Die Sorge vor dem sozialem Abstieg stieg bis 2006 und ist seitdem kontinuierlich rückläufig, so Lengfeld. "In den letzten Jahren vor Corona war die Abstiegsangst in Deutschland so niedrig wie noch nie seit der Messung. Die Menschen haben sich mit ökonomischen Risiken – zum Beispiel befristeten Verträgen und neuen Selbständigkeiten – ein Stück weit arrangiert. Man hat eine neue Normalität gefunden und das verängstigt dann nicht mehr so."
Frauen in den Arbeitsmarkt einbeziehen
Viele wollten nicht mehr Vollzeit arbeiten. Diesen Wohlstand habe sich die Gesellschaft erarbeitet. Die größere Problemzone seien allerdings die Menschen, die weniger haben als die Mittelschicht.

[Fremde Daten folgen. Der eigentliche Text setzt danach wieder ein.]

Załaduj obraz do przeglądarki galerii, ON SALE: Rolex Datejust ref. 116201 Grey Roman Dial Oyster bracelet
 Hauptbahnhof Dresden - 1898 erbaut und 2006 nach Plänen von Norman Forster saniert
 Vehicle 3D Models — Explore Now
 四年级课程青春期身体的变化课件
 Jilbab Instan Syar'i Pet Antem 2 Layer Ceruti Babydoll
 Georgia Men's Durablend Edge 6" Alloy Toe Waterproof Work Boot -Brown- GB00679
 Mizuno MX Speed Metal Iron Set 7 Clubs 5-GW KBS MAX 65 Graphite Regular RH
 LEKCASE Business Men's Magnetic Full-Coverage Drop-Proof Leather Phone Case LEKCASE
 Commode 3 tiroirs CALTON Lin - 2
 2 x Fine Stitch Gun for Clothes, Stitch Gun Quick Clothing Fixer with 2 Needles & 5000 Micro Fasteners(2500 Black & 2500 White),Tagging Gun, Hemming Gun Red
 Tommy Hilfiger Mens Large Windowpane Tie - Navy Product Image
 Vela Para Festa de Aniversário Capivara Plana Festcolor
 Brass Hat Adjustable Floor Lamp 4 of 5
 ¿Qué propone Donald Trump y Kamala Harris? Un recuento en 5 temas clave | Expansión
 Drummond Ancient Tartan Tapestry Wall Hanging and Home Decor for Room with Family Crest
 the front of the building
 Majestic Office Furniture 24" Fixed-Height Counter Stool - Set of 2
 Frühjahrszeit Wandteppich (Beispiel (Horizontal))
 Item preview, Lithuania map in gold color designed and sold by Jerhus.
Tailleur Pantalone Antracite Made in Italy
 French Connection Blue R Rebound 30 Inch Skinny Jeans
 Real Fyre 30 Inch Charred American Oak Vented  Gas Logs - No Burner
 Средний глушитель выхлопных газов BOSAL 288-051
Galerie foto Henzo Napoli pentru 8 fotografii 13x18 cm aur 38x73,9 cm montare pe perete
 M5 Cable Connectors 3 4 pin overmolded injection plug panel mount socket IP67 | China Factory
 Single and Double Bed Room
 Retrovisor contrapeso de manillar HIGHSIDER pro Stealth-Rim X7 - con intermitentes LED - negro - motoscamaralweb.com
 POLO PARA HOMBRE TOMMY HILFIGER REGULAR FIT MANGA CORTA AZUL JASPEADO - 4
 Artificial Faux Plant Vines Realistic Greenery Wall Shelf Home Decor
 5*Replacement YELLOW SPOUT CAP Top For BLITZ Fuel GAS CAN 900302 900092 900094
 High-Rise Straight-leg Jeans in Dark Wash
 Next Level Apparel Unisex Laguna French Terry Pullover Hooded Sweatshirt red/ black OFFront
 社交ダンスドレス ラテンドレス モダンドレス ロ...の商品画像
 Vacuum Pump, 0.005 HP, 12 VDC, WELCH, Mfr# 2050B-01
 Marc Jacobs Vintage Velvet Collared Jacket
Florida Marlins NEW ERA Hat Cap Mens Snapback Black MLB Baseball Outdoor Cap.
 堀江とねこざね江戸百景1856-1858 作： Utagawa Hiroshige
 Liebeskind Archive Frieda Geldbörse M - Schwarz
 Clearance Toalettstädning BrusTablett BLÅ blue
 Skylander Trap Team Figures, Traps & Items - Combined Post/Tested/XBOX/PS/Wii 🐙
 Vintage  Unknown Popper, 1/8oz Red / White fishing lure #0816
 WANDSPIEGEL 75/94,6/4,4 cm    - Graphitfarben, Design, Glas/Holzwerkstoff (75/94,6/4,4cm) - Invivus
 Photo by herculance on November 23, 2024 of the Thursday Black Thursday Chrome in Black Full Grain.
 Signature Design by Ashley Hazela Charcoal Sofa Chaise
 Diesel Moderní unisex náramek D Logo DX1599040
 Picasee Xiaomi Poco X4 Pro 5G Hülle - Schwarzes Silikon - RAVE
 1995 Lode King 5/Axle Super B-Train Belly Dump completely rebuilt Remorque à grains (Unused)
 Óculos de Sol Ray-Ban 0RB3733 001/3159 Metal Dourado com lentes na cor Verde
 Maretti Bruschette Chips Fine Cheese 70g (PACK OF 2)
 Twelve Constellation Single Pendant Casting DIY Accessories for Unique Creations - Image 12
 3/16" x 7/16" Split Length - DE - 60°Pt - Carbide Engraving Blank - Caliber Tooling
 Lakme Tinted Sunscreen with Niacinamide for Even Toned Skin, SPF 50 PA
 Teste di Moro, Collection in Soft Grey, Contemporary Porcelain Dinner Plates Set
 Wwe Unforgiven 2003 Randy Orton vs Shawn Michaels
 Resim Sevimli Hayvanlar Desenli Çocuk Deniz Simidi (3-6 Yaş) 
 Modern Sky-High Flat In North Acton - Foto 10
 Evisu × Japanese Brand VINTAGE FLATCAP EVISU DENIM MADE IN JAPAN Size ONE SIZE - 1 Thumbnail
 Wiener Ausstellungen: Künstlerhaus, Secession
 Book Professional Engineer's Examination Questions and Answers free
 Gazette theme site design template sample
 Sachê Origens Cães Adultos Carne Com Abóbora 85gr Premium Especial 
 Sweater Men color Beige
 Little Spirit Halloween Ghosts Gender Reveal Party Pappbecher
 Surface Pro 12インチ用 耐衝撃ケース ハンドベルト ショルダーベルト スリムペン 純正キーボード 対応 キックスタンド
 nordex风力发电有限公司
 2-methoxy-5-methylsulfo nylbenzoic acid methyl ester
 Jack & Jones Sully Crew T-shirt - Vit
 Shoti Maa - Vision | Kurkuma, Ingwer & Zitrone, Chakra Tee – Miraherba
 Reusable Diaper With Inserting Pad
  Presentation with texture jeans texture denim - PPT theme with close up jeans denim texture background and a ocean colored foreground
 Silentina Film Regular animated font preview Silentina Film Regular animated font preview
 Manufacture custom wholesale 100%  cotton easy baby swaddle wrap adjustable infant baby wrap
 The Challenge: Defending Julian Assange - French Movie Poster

Wer einmal aus der Mittelschicht falle, der steige nur schwer wieder auf, so die Studie. Um die Mittelschicht wieder zu stärken, brauche es eine gute Ausbildung und Studium. Es müssten Barrieren auf dem Arbeitsmarkt abgebaut und Frauen stärker einbezogen werden. Sie arbeiteten zwar häufiger als früher, aber oft mit geringer Stundenzahl und in Tätigkeiten, für die sie überqualifiziert seien. Um zur Mittelschicht zu gehören, brauche es zunehmend ein zweites gutes Arbeitseinkommen, so die Analyse der Studie.